Note 2: This may look like code, but it is NOT code. This HDL describes a logical circuit as hardware. Everything in it becomes either a clump of logic gates that manipulate bits (represented as voltages), a register for storing bits, or a connection (net) in between those things. Every computation described in these files happens simultaneously (except when it isn’t) and registers are placed after each computation, instead of in a memory “block” (except when it is).
Confused? Good. That fear is something every budding digital designer feels, and should (but probably won’t) keep you from treating HDL like code and generating a mess. I’m convinced it’s part of the learning process. If you imagine everything here as gates on a PCB, you’ll be fine. You can also play Turing Complete on Steam, it’s a surprisingly good introduction.

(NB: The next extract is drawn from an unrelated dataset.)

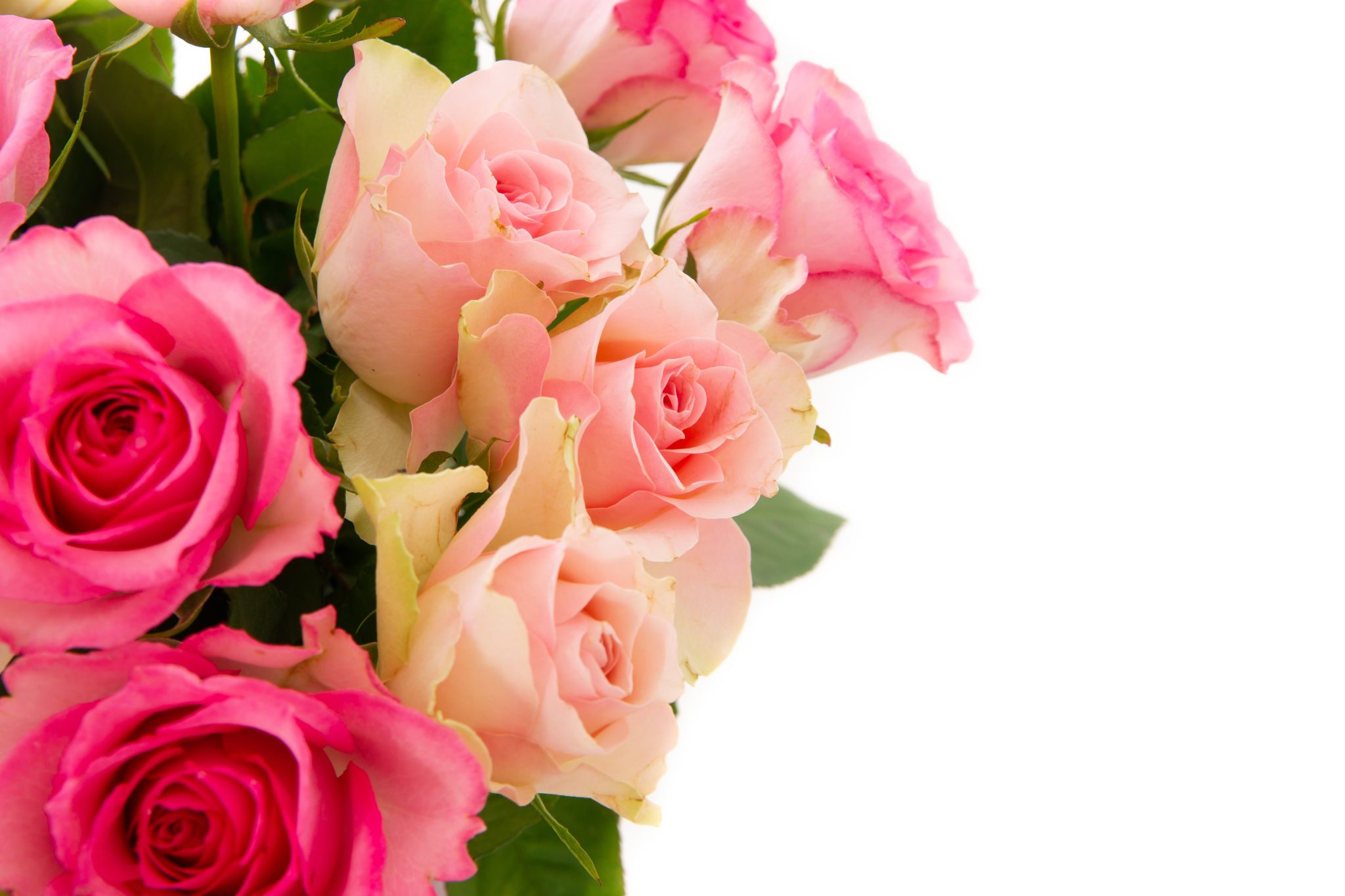 A closeup shot of pink rose bouquet isolated on a white background with a copy space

Note 3: Generally speaking, I registered the inputs but not the outputs of a block (since I’m constantly changing the input values as things get piped in). There is an additional register external to the chain as well. So my pipeline has 113 clock cyles of latency per SHA Module; +1 for registering the output. So in simulation you’ll see the data take 114 clock cycles for 1 SHA block, 227 cycles for 2 SHA blocks (113+113+1), and 340 cycles for 3 SHA blocks.
†It is not.
Everyone thinks “this time I’ll properly define the interfaces, so this time things will just plug togther–integration will be a breeze!” and it’s never true. It’s a lie engineers tell themselves. Every. Single. Time. It’s an illusion. The Illusion of Rigor.
Note 5: This “blog post” is a poorly concealed micro-architecture document.